22. Want er is geschreven, dat Abraham twee zonen had, één uit de dienstmaagd, en één uit de vrije.
23. Maar gene, die uit de dienstmaagd was, is naar het vlees geboren geweest; doch deze, die uit de vrije was, door de beloftenis.
Paulus gaat een voorbeeld, een allegorie, gebruiken om de eerder genoemde argumenten van verschil tussen wet en evangelie duidelijk te maken aan de Galaten. Hij neemt het beeld van de zonen van Abraham. Hij had 2 zonen: Izak en Ismaël.
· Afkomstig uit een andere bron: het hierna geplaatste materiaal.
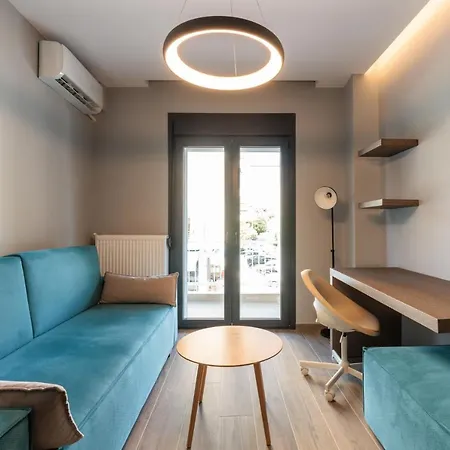 Hippocrates Bound By Binobi Innovative Management! Apartment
Toch was er verschil tussen deze 2 zonen. ‘Maar dit is het verschil, dat Ismaël, de zoon van de slavin, naar het vlees d.w.z. zonder belofte en zonder het woord van God geboren is; Izak echter is niet alleen uit een vrije moeder, maar ook naar de belofte geboren.’ Hij trekt hier de lijn door ‘dat niet alle zonen van Abraham zonen Gods zijn. (…) Paulus zegt dat degenen die kinderen van Abraham willen zijn, moeten geloven, dat zij behalve naar het vlees geboren ook kinderen der belofte zijn; en alleen zij, die de belofte hebben en geloven, zijn tenslotte ware zonen van Abraham en zo ook kinderen van God.’
 
24. Hetwelk dingen zijn die andere beduiding hebben. Want deze zijn de twee verbonden; het ene van den berg Sinaï, tot dienstbaarheid barende, hetwelk is Hagar.
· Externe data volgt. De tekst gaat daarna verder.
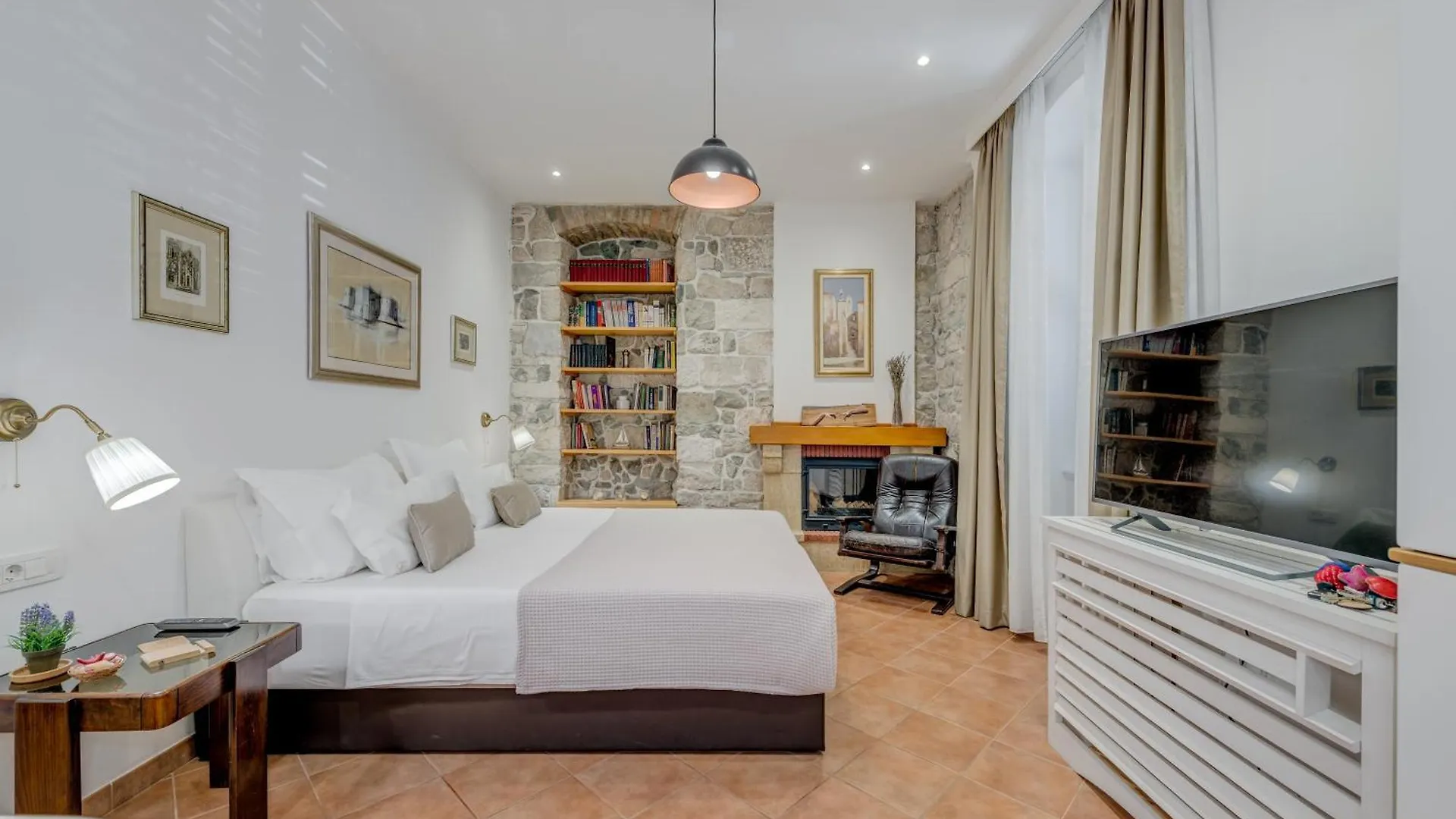 Gasthuis Victoria Luxury Rooms - Split Downtown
Paulus gaat nu een allegorie als illustratie toevoegen aan het slot van zijn uiteenzetting. ‘Zoals een beeld een reeds gebouwd huis tooit, zo is een allegorie een soort illustratie bij een redevoering, bij een reeds op andere wijze bewezen zaak’.
 
Hij stelt hier Abraham allegorisch voor God, ‘Die twee zonen heeft, dat wil zeggen twee volken, die door Ismaël en Izak vertegenwoordigd worden. Ze zijn hem uit Hagar en Sara geboren, die de twee testamenten betekenen, het oude en het nieuwe’. Luther merkt op dat de berg Sinaï in het Arabisch dezelfde naam heeft als de slavin Hagar en dat mogelijk deze overeenkomst Paulus op het idee heeft gebracht om deze allegorie te gebruiken. ‘Zoals dus Hagar, de slavin, aan Abraham werkelijk een zoon geschonken heeft, weliswaar niet de erfgenaam maar de knecht, zo heeft de Sinaï, die allegorisch bij Hagar behoort, God werkelijk een zoon geschonken, dat wil zeggen het volk naar het vlees. (…) maar zonder belofte, dat wil zeggen een vleselijk volk, een volk van slaven, niet van erfgenamen Gods’. Luther schetst hier opnieuw het verschil tussen wet en evangelie. ‘De beloften van de wet zijn gebaseerd op voorwaarden, zij beloven het leven niet als geschenk, zij gelden voor hen die de wet houden. Daarom laten zij de gewetens in twijfel, omdat niemand de wet houdt. Aan de beloften van het Nieuwe Testament zijn geen voorwaarden verbonden, die eisen niets van ons, zij hangen niet van onze waardigheid af, maar brengen en schenken ons de vergeving der zonde om niet, de genade, de gerechtigheid en het eeuwige leven – om Christus’ wil’.
 
En dan volgt weer de toepassing naar de Galaten: ‘Als jullie, Galaten, de belofte en het geloof laten vallen en tot de wet terugkeren, zullen jullie eeuwig slaven blijven, nooit vrij zijn van zonde en dood, jullie zullen onder de vloek van de wet blijven. Hagar baart geen kind der belofte en geen erfgenamen, dat wil zeggen de wet rechtvaardigt niet, brengt niet het kindschap en de erfenis, verhindert dat veeleer en bewerkt toorn.’
 
25. Want dit, namelijk Hagar, is Sinaï, een berg in Arabië, en komt overeen met Jeruzalem dat nu is, en dienstbaar is met haar kinderen.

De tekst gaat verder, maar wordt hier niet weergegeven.